Trains (hooks, forks)
Again, Java doesn't have anything like this (though, again, the effects can be achieved in a more round-about fashion).
Copula
J's =: and =. are different from := in Java. In Java, there's other syntax to indicate the scope of a name (where you also declare the type of the variable), the innermost declaration determines whether Java's := is assigning a class/object variable (like =:) or a block scoped variable (like =.).
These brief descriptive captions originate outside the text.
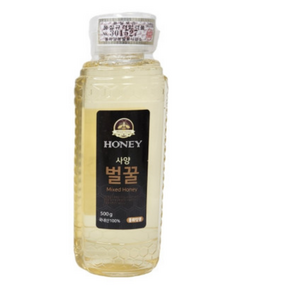 동화 사양 벌꿀 500g(1kg 2kg), 동화 사양 벌꿀 500g, 1개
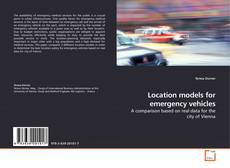 Couverture de Location models for emergency vehicles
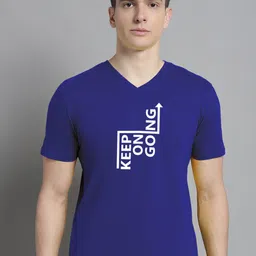 FBAR Typography Printed Cotton Slim Fit T-shirt-picture-35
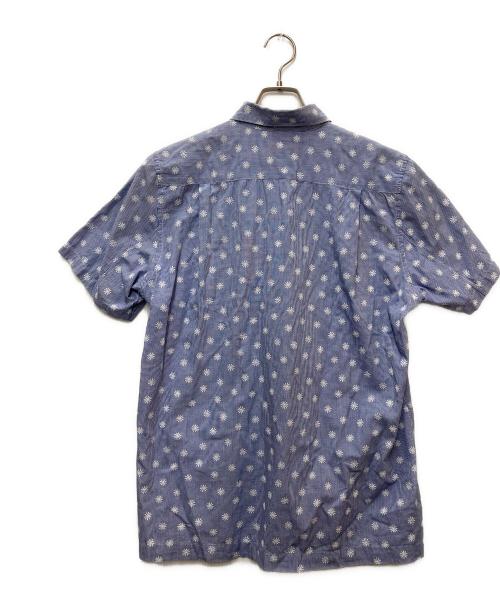 COMME des GARCONS SHIRT（コムデギャルソンシャツ）COMME des GARCONS SHIRT (コムデギャルソンシャツ) 半袖シャツ スカイブルー サイズ:SIZE Sの古着・服飾アイテム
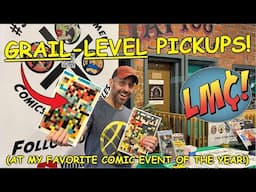 Trading (and Spending Some Serious Lunch Money?!) at My Favorite Comic Event of the Year!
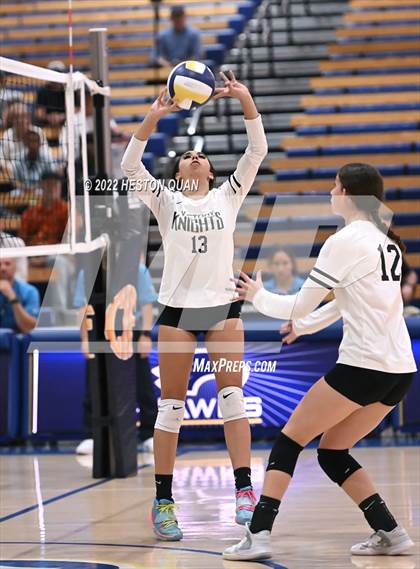 Thumbnail 1 in Berean Christian vs.Victory Christian Academy (CIF State D5 Final) photogallery.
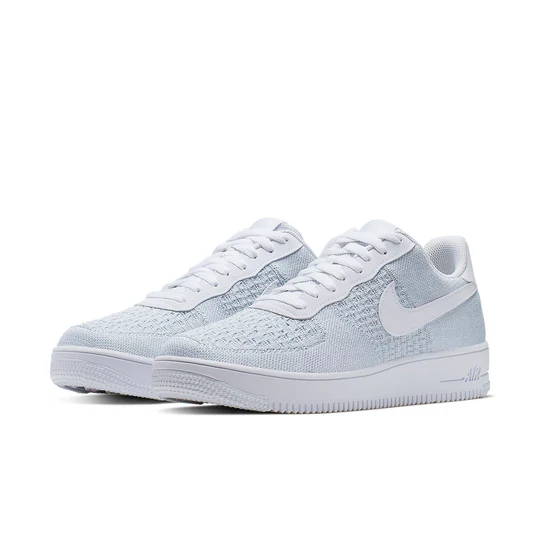 Nike Air Force 1 Flyknit Low 2.0 'Pure Platinum'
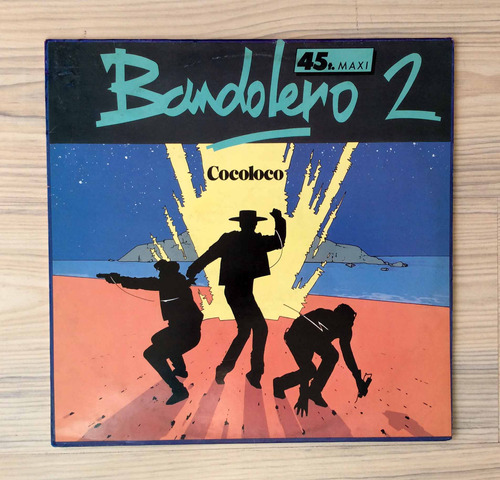 Vinilo Bandolero - Cocoloco (1ª Ed. Europa, 1984)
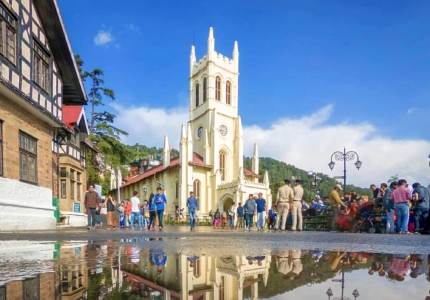 Himachal Escape: Chandigarh–Shimla–Dalhousie Journey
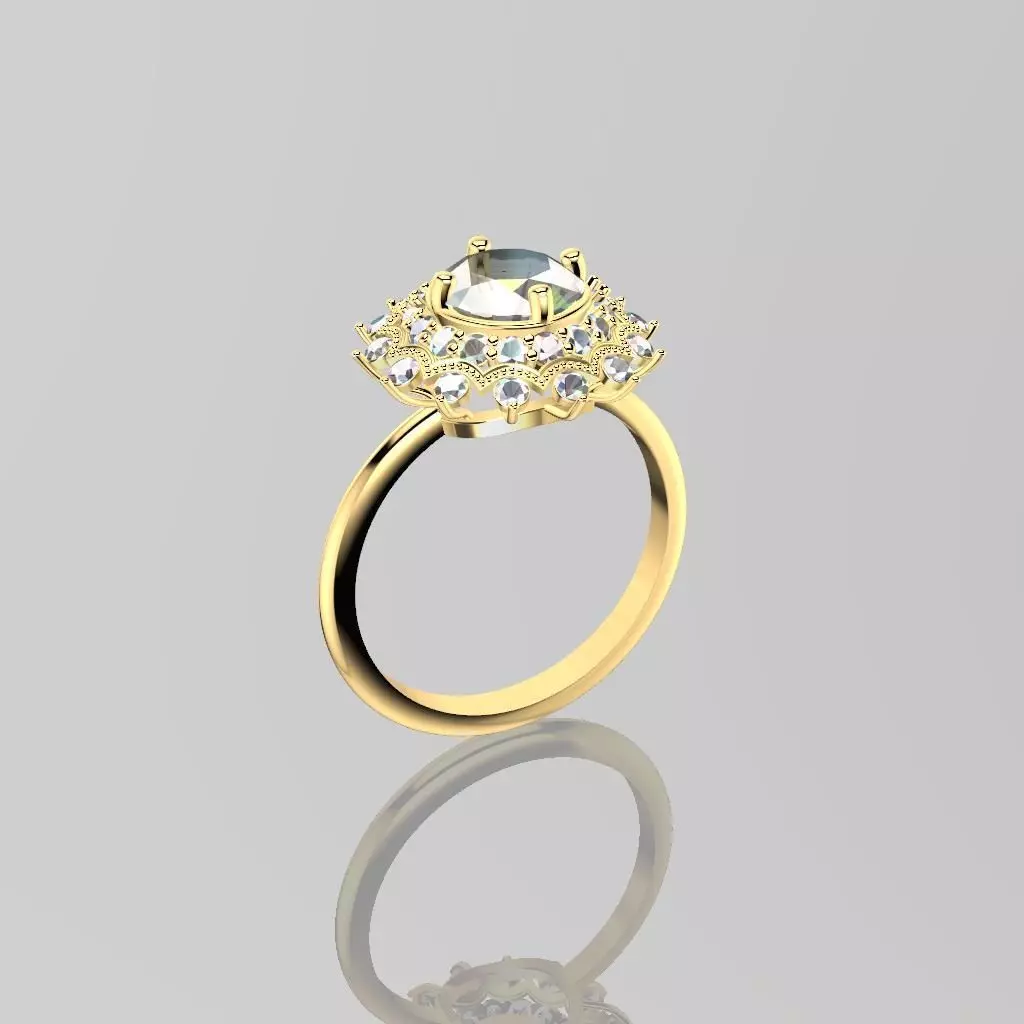 Cluster Engagemnet 3D print model_0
Furthermore, Java's := can never change the name class of a name. Java's := can only set one kind of name (the name of an object) and uses different syntax when using that object as a verb (methods) or when using that object as a noun (fields).
Ambivalence
Java doesn't allow user defined words with a left scope, and even right scope for user defined words is more constrained than for built-ins. So the distinction between Monad and Dyad would be unfamiliar to some Java programmers, as would the idea of defining such words.
Lack of declarations
In Java, syntax requires that the type of a name be uniquely identified. This is not the case in J where values are typed, rather than names. Also, J uses names like y, u, and m for arguments in explicit definitions, and these would be worth understanding if they're used in your class.
Semantics
Some of J's semantic properties (such as Rank, or the way that 18!:4 brings following lines in a script into a specific class or object) might seem like syntactic issues to people with a Java background.
More generally, J uses semantics to address issues which are syntactic issues in other languages, and a person not familiar with J would not know how to properly phrase questions about these issues using J jargon.
Approaches
If I had students saying they didn't understand J's syntax, I'd think it worth spending an hour or two of class time explaining it to them -- and drawing as many analogies as I could to other situations they might be familiar with (for example, notation that looks like fork is often used in math classes).
At the very least, I'd have handouts for them, outlining as much about these issues as they'd need to know for what I'm covering, and pointing at specifically useful documentation for people who want the details.
As a general rule: people who say they don't understand something learn quite a bit faster on that topic than people who say they do understand the topic. But it helps quite a bit when they know what the symbols stand for. (Even people interested in music need to know the notes before they can play the tune.)